= View from the Vault (series) =

Live concert video series by Grateful Dead

View from the Vault is a four-part series of live DVDs and companion soundtracks by the Grateful Dead. The audio is taken from the soundboard and the video from the video screens at the concerts. Each volume was released simultaneously as an album on CD and as a concert performance video on DVD.

==Volumes==
The first volume was recorded and filmed at Three Rivers Stadium in Pittsburgh on July 8, 1990 with bonus material recorded two days earlier at Cardinal Stadium, Louisville. The soundtrack was released as a 3-CD set.

The second volume features the June 14, 1991 concert at Robert F. Kennedy Stadium in Washington, D.C., and bonus material from a show at the same venue on July 12, 1990. It is the only Grateful Dead video release featuring Vince Welnick and Bruce Hornsby. The DVD contains one track that is not on the CD, "Box of Rain", recorded at the 1990 show. It also includes a music video, "Liberty", directed by Justin Kreutzmann, the son of Dead drummer Bill Kreutzmann.

The third volume contains the June 16, 1990 show at the Shoreline Amphitheatre in Mountain View, California. The album also includes six songs from a show at the same venue on October 3, 1987. One of these is "My Brother Esau", the first appearance of this song on CD.
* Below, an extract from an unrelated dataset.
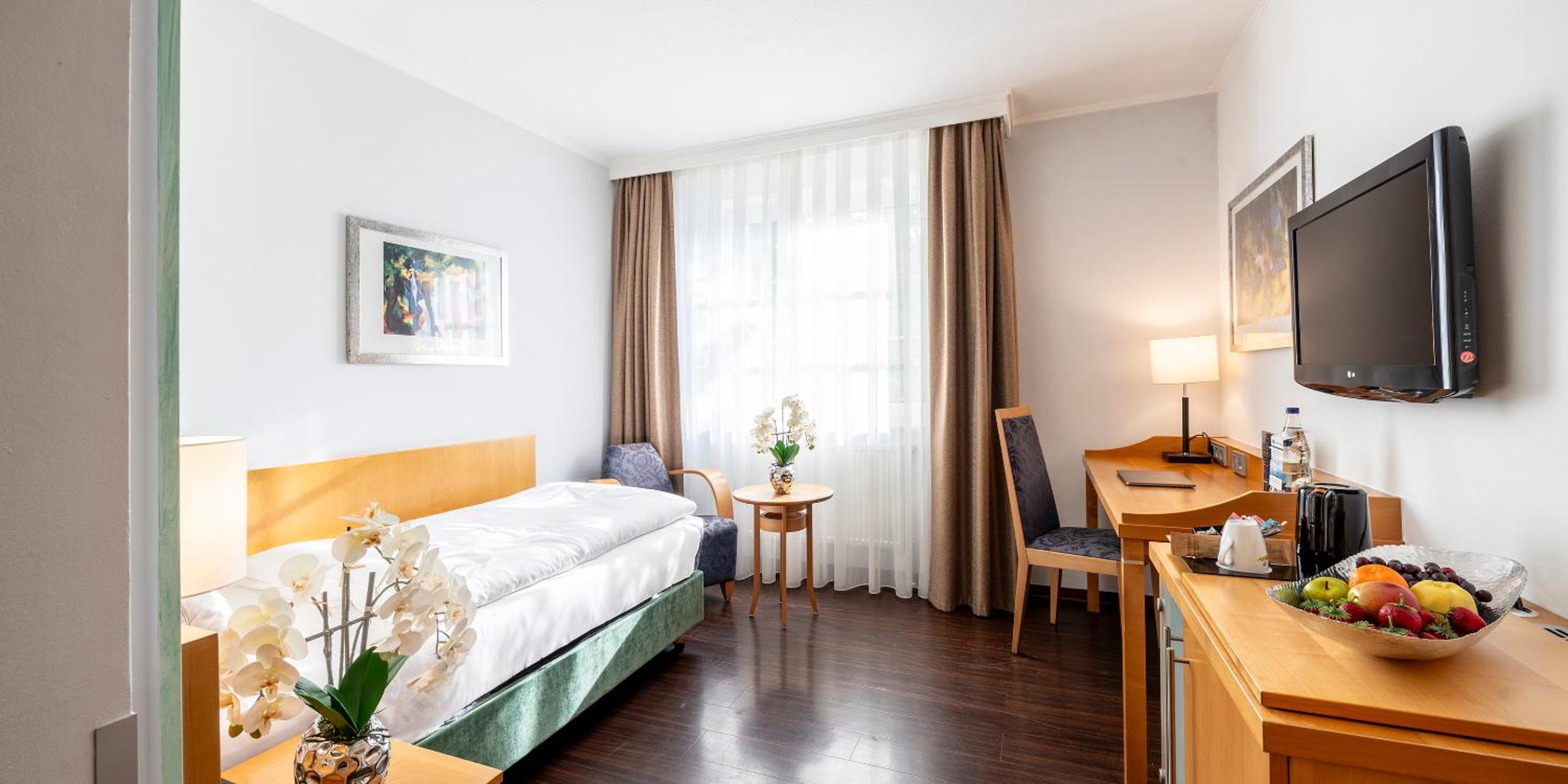 Single Room - Photo 1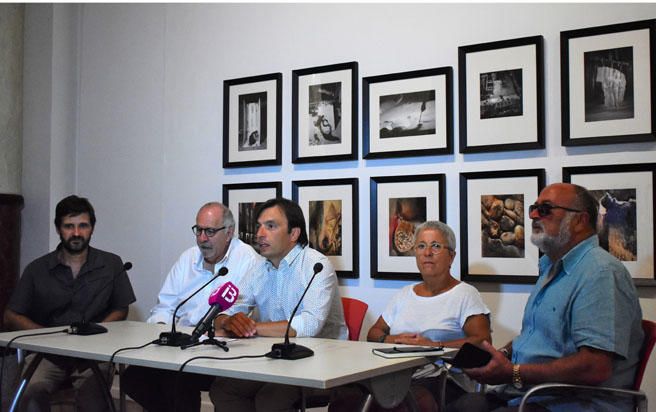 Una exposición de fotos celebra los 10 años de Miquel Barceló en la Catedral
The fourth volume contains two consecutive complete shows—July 24, 1987, at Oakland Stadium, and July 26, 1987 at Anaheim Stadium. The album was released as a 4-CD set. These concerts were recorded during the "Dylan & the Dead" tour. On this brief tour, each Grateful Dead show was followed by a performance by Bob Dylan, with the Dead providing accompaniment. Songs from those performances are documented on the album Dylan & the Dead. The fourth volume was the only volume that was not also released on VHS videotape. It was also the only DVD of the series that included the option of either a two-channel stereo or a Dolby 5.1 channel surround sound soundtrack.